Intervals may include pull-ups and sit-ups, squats, flipping tires and sprinting.

Participants learn about different muscle groups and why they're doing the exercises. Throughout the program, coaches record data on each child, including height, weight, body mass index, waist measurement, timed runs and number of sit-ups completed. The information is entered into the members' portal of the Youth Combine website so participants and parents can track progress.

Pride in personal progress is a major tenet of Youth Combine, Howland said.

The more kids care about their own fitness goals now, the more likely they are to keep up with them.

"We want to lay a foundation for these kids now to value health and fitness, to take pride in their health and fitness," so healthy living becomes a lifelong habit, Howland said.

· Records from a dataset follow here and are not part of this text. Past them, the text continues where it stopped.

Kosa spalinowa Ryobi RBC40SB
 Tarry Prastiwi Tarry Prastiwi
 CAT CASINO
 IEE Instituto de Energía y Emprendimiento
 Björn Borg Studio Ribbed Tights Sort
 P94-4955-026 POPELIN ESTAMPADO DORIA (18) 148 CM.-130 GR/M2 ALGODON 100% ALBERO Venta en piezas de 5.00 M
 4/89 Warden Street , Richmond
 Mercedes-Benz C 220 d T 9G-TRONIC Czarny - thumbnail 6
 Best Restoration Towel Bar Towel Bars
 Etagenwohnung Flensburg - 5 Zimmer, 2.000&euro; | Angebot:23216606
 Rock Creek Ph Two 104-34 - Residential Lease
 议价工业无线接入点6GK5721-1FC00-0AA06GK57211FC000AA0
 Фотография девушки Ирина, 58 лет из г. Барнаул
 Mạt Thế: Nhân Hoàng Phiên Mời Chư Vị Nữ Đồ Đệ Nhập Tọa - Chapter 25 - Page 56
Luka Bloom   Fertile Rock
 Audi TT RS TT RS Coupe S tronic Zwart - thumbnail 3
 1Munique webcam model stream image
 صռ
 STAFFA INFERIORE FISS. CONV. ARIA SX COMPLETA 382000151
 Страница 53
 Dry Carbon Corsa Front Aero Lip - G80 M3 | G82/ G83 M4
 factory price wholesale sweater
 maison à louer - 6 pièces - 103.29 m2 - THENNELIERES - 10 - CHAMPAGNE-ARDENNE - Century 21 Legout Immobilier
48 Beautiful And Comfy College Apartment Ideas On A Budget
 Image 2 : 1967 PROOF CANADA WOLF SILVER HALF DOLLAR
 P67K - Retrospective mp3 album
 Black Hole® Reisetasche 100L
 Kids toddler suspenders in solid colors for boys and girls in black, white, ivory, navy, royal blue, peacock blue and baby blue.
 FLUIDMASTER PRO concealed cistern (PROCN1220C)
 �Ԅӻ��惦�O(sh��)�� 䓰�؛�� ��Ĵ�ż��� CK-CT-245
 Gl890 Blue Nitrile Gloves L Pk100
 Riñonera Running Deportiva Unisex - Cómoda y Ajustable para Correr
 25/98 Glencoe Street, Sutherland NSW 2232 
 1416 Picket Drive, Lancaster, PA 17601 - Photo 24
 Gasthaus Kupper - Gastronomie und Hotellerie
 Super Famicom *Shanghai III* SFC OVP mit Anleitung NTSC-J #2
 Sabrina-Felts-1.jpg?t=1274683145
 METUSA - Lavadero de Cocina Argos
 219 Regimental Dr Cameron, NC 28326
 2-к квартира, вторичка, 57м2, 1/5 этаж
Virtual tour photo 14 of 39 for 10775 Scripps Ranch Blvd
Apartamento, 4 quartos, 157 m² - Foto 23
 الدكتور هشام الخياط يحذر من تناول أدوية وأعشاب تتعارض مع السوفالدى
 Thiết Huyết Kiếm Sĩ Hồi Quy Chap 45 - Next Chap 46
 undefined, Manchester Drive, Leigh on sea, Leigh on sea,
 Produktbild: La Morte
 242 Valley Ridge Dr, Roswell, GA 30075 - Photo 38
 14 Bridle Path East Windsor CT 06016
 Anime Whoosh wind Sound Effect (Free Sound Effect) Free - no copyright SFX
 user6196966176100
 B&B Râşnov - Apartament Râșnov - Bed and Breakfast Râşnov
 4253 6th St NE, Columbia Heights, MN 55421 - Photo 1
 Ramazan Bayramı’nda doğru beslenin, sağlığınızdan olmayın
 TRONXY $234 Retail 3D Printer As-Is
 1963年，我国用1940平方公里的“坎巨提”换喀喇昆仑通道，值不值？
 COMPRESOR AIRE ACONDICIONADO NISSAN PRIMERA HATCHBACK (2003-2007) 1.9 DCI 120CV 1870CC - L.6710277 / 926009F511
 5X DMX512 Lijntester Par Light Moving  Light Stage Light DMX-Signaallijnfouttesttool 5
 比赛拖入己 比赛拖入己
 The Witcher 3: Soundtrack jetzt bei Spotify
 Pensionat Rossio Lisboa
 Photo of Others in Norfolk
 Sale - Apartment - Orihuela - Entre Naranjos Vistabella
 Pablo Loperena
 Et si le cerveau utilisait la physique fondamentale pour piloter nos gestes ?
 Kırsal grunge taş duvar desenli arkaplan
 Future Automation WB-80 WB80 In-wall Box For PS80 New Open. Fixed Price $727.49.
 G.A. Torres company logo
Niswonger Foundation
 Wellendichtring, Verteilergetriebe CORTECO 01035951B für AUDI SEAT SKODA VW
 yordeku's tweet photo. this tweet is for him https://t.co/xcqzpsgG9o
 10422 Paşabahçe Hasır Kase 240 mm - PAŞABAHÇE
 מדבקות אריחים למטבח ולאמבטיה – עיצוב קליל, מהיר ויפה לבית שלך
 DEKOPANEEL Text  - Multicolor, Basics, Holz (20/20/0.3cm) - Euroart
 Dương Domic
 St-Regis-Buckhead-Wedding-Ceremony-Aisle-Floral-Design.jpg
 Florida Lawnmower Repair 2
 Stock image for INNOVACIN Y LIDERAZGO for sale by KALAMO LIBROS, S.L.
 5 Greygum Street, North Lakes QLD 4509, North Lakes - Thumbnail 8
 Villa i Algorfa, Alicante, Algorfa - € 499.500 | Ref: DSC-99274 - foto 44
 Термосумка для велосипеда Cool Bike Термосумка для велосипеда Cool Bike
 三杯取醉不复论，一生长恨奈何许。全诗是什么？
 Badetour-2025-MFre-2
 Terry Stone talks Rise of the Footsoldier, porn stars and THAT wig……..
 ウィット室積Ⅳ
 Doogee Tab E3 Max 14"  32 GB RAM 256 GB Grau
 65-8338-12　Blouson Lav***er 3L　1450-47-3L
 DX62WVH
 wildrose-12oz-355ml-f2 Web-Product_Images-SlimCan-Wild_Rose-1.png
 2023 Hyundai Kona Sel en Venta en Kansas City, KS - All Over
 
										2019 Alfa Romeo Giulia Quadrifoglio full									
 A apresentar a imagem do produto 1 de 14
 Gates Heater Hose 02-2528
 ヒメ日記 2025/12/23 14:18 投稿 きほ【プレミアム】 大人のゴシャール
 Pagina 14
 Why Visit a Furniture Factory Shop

Middle school is a crucial age for fitness, he said. Most elementary school students have structured physical education classes every day, and at the high school level, students have the option of joining a variety of sports teams.

It's important to keep up the momentum and ensure middle schoolers have the strength and confidence to be able to go out for high school sports, if they so choose.

Youth Combine originally targeted only middle school-aged children, but is now open to children of any age. Howland said his 16 coaches are able to alter the workouts to suit every age group and fitness level.

So far this summer, Youth Combine has 67 active members. Enrollment is ongoing.

"As soon as they're a member, they can show up that same day," Howland said.